[PROVIDED MATERIAL — start]

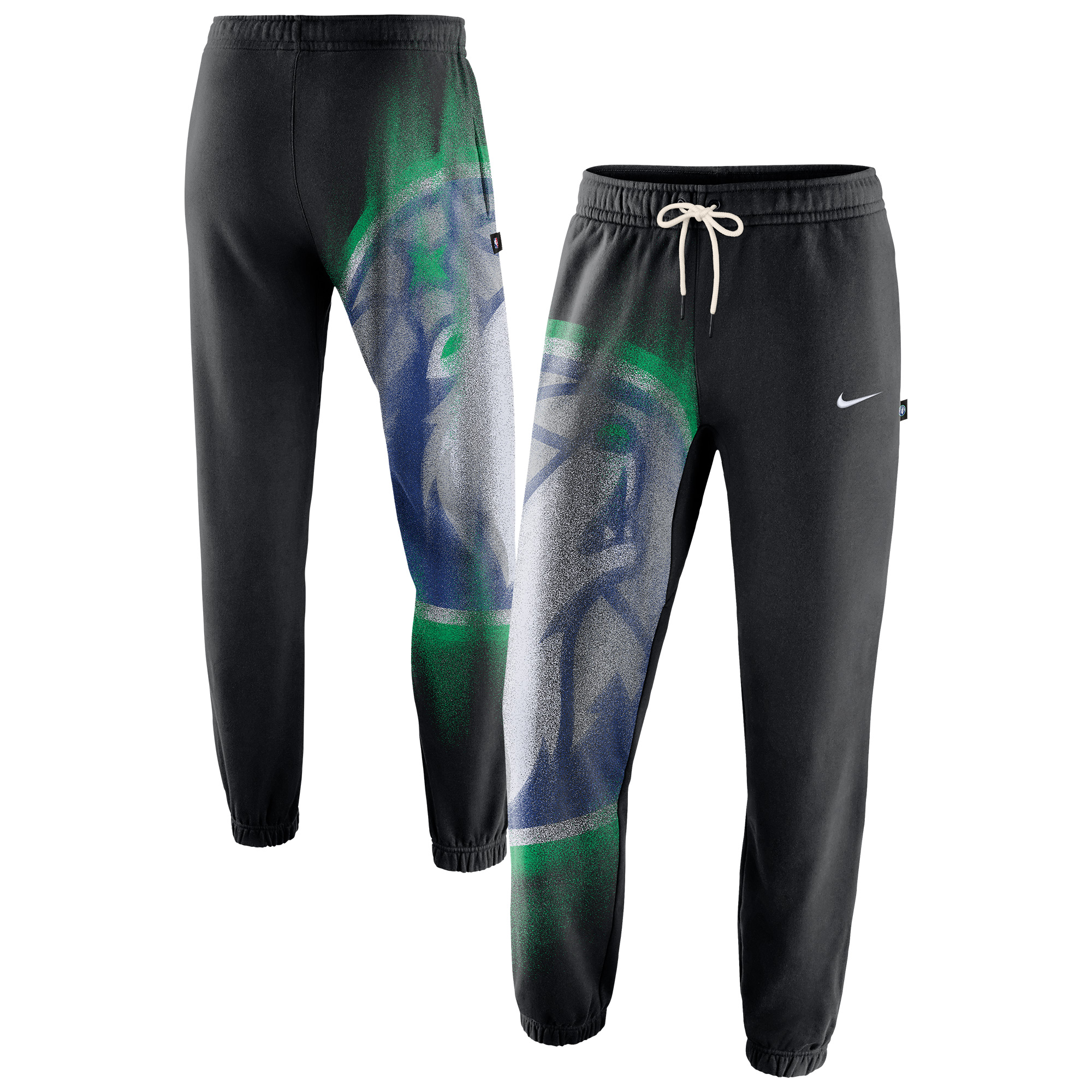 Nike Adult Minnesota Timberwolves Worn With Obsession Standard Issue Therma-FIT Icon Pants, Men's, Medium, Black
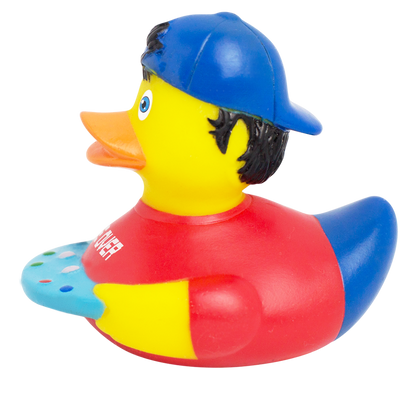Toys N Tuck:Lilalu Collectable Rubber Duck - Gamer Boy Duck,Lilalu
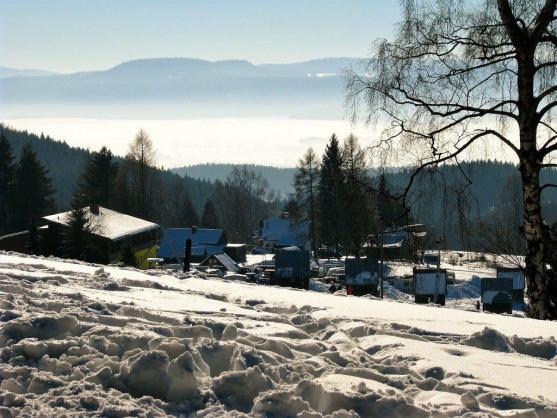Změna místa závodům psích spřežení neuškodila. Naopak!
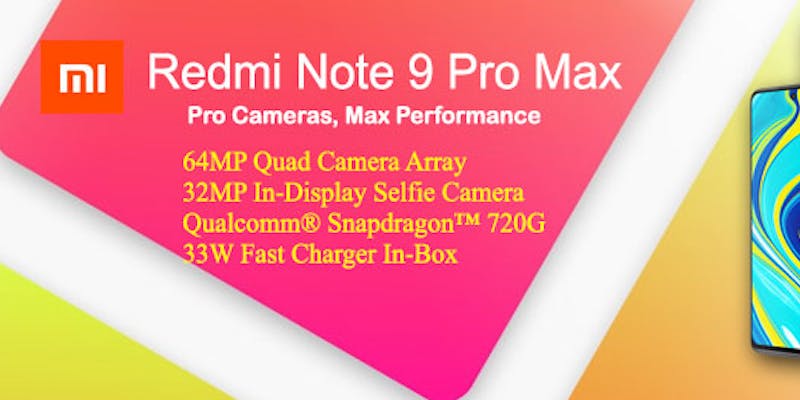 Redmi Note 9 Pro media 1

[PROVIDED MATERIAL — finish]

* _PROBLEM DESCRIPTION_
Transcribe all of the data above exactly; no picture belongs in the copy.

* _EXERCISE ANSWER_
 Nike Adult Minnesota Timberwolves Worn With Obsession Standard Issue Therma-FIT Icon Pants, Men's, Medium, Black
Toys N Tuck:Lilalu Collectable Rubber Duck - Gamer Boy Duck,Lilalu
Změna místa závodům psích spřežení neuškodila. Naopak!
 Redmi Note 9 Pro media 1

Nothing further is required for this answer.